Your answer must be an exact copy of the data below.

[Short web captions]
═══

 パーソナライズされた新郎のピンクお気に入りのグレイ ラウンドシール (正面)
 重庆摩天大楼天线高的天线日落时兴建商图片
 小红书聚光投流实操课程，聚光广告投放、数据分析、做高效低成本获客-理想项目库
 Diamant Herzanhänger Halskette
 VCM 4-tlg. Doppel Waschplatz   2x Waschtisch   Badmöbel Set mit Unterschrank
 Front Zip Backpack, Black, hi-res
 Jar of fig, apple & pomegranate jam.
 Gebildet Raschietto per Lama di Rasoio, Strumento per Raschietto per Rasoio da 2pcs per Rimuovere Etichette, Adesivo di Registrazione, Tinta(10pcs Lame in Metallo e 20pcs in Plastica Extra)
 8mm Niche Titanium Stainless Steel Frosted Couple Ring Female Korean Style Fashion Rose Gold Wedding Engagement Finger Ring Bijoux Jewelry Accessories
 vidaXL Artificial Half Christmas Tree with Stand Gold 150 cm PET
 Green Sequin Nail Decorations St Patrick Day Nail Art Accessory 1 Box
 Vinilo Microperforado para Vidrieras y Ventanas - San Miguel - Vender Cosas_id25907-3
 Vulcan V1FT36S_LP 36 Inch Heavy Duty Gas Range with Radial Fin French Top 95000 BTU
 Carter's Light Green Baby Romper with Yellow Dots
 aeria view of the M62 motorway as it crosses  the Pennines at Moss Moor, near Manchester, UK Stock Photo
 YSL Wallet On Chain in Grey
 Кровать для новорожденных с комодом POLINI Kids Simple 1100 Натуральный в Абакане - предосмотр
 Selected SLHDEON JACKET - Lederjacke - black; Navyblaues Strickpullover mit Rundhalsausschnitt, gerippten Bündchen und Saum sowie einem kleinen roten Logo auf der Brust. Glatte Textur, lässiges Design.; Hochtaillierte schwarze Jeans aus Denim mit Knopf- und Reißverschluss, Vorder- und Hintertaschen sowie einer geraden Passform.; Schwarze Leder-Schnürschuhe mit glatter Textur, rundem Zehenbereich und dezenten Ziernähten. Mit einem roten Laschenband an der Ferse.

═══

Output below:
 パーソナライズされた新郎のピンクお気に入りのグレイ ラウンドシール (正面)
 重庆摩天大楼天线高的天线日落时兴建商图片
 小红书聚光投流实操课程，聚光广告投放、数据分析、做高效低成本获客-理想项目库
 Diamant Herzanhänger Halskette
 VCM 4-tlg. Doppel Waschplatz   2x Waschtisch   Badmöbel Set mit Unterschrank
 Front Zip Backpack, Black, hi-res
 Jar of fig, apple & pomegranate jam.
 Gebildet Raschietto per Lama di Rasoio, Strumento per Raschietto per Rasoio da 2pcs per Rimuovere Etichette, Adesivo di Registrazione, Tinta(10pcs Lame in Metallo e 20pcs in Plastica Extra)
 8mm Niche Titanium Stainless Steel Frosted Couple Ring Female Korean Style Fashion Rose Gold Wedding Engagement Finger Ring Bijoux Jewelry Accessories
 vidaXL Artificial Half Christmas Tree with Stand Gold 150 cm PET
 Green Sequin Nail Decorations St Patrick Day Nail Art Accessory 1 Box
 Vinilo Microperforado para Vidrieras y Ventanas - San Miguel - Vender Cosas_id25907-3
 Vulcan V1FT36S_LP 36 Inch Heavy Duty Gas Range with Radial Fin French Top 95000 BTU
 Carter's Light Green Baby Romper with Yellow Dots
 aeria view of the M62 motorway as it crosses  the Pennines at Moss Moor, near Manchester, UK Stock Photo
 YSL Wallet On Chain in Grey
 Кровать для новорожденных с комодом POLINI Kids Simple 1100 Натуральный в Абакане - предосмотр
 Selected SLHDEON JACKET - Lederjacke - black; Navyblaues Strickpullover mit Rundhalsausschnitt, gerippten Bündchen und Saum sowie einem kleinen roten Logo auf der Brust. Glatte Textur, lässiges Design.; Hochtaillierte schwarze Jeans aus Denim mit Knopf- und Reißverschluss, Vorder- und Hintertaschen sowie einer geraden Passform.; Schwarze Leder-Schnürschuhe mit glatter Textur, rundem Zehenbereich und dezenten Ziernähten. Mit einem roten Laschenband an der Ferse.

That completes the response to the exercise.